The group by expression could be expression:

od> SELECT abs(account_number), sum(age) FROM accounts GROUP BY abs(account_number);
fetched rows / total rows = 4/4
+-----------------------+------------+
| abs(account_number)   | sum(age)   |
|-----------------------+------------|
| 1                     | 32         |
| 13                    | 28         |
| 18                    | 33         |
| 6                     | 36         |
+-----------------------+------------+
  1. The aggregation could be used select.
  2. The aggregation could be used as arguments of expression.
  3. The aggregation could has expression as arguments.

The aggregation could be used select:

od> SELECT gender, sum(age) FROM accounts GROUP BY gender;
fetched rows / total rows = 2/2
+----------+------------+
| gender   | sum(age)   |
|----------+------------|
| F        | 28         |
| M        | 101        |
+----------+------------+

The aggregation could be used as arguments of expression:

od> SELECT gender, sum(age) * 2 as sum2 FROM accounts GROUP BY gender;
fetched rows / total rows = 2/2
+----------+--------+
| gender   | sum2   |
|----------+--------|
| F        | 56     |
| M        | 202    |
+----------+--------+

The aggregation could has expression as arguments:

od> SELECT gender, sum(age * 2) as sum2 FROM accounts GROUP BY gender;
fetched rows / total rows = 2/2
+----------+--------+
| gender   | sum2   |
|----------+--------|
| F        | 56     |
| M        | 202    |
+----------+--------+

Besides regular identifiers, COUNT aggregate function also accepts arguments such as * or literals like 1. The meaning of these different forms are as follows:

  1. COUNT(field) will count only if given field (or expression) is not null or missing in the input rows.
  2. COUNT(*) will count the number of all its input rows.
  3. COUNT(1) is same as COUNT(*) because any non-null literal will count.

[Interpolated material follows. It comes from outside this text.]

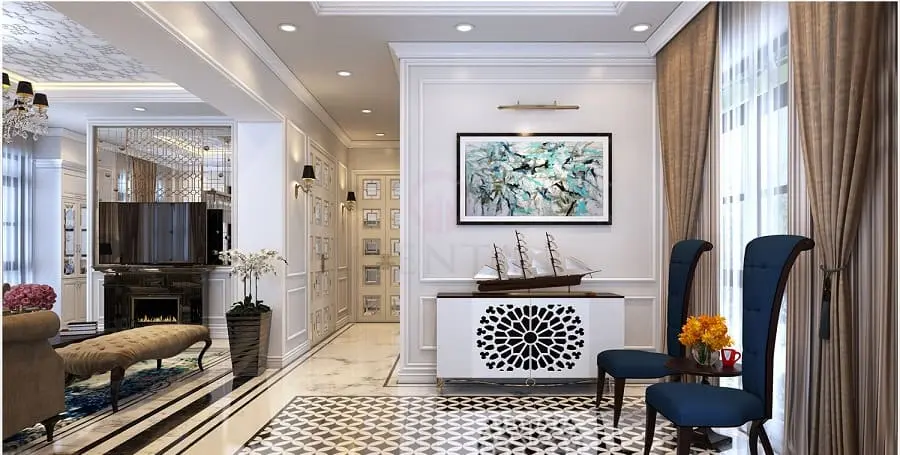 thiết kế nội thất biệt thự hà nội thiết kế nội thất biệt thự hà nội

A HAVING clause can serve as aggregation filter that filters out aggregated values satisfy the condition expression given.

Aggregate expressions or its alias defined in SELECT clause can be used in HAVING condition.

  1. It's recommended to use non-aggregate expression in WHERE although it's allowed to do this in HAVING clause.
  2. The aggregation in HAVING clause is not necessarily same as that on select list. As extension to SQL standard, it's also not restricted to involve identifiers only on group by list.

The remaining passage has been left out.